Action Item 20, Amy Northwest Middle School playground, $250,000: Board members discussed playground equity as they had in previous meetings. Fix Lopez pointed out the inequities of the playground rebuilds. Fix Lopez said that it is unclear how priorities for playground needs are established and carried out. She said the Administration must do more to fully vet and inform the Board of playground projects. The Item passed 4-2, Fix Lopez and McIver dissenting.

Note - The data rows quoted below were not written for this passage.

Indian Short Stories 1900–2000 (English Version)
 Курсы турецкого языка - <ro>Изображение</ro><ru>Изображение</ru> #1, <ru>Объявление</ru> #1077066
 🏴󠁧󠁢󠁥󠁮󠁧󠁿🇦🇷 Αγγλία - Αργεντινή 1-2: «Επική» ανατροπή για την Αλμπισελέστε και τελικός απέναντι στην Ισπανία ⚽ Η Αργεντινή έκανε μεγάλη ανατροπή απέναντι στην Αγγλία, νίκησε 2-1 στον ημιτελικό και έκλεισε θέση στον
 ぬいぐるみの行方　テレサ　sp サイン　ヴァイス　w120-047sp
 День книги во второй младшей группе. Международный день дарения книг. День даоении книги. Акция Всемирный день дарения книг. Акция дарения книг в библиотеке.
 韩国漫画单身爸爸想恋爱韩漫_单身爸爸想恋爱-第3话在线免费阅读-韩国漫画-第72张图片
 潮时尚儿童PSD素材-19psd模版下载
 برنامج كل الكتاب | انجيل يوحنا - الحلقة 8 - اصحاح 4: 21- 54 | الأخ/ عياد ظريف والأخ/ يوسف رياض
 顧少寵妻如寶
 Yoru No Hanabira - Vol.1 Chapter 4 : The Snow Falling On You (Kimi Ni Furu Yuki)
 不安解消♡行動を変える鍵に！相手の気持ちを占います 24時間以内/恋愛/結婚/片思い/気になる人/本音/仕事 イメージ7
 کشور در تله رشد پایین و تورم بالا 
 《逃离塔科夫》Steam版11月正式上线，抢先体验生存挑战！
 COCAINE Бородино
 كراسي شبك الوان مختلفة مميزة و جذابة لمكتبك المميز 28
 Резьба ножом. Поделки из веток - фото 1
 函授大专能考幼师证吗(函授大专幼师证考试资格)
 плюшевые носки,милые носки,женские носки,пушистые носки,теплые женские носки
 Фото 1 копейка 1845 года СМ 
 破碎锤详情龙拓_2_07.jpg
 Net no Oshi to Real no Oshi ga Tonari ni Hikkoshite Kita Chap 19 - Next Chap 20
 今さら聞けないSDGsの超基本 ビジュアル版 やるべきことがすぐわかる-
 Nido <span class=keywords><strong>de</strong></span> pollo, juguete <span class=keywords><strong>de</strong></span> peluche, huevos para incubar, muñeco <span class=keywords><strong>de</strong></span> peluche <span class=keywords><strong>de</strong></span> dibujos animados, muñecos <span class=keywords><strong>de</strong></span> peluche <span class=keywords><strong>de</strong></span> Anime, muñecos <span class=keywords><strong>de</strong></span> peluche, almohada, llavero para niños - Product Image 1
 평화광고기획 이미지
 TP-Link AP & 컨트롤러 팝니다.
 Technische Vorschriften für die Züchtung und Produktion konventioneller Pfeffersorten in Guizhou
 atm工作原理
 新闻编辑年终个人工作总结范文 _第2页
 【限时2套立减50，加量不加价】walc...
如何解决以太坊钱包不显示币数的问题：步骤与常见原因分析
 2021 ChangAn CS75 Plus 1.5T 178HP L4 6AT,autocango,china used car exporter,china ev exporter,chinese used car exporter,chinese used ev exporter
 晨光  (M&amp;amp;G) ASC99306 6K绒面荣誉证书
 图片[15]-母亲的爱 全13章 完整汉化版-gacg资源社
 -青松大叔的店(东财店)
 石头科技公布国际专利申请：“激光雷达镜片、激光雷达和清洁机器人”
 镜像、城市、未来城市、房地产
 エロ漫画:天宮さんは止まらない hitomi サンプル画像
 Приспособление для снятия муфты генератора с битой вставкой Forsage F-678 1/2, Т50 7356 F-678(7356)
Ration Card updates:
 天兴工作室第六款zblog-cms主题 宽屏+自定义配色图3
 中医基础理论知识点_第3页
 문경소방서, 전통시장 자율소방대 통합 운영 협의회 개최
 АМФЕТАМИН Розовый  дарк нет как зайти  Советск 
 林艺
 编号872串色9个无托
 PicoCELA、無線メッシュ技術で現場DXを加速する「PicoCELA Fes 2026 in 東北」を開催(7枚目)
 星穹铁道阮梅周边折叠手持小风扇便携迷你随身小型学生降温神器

Action Item 21, playground upgrades at Lowell Elementary, $250,000: Fix Lopez argued that the Board was given inaccurate information in the original Item presentation. She reported that her Google Earth search revealed that there is no existing playground to make improvements to. Fix Lopez told Hite that he must give accurate information and it should not be incumbent on individual Board members to rely on Google to find the information his administration should provide. The Item passed unanimously.
Action Items 1, 9-15, 18, 19, 22: passed unanimously.
Action Item 4: passed 5-0, with Fix Lopez and Huang abstaining.
The meeting adjourned at 9:38 PM after 4 ½ hours.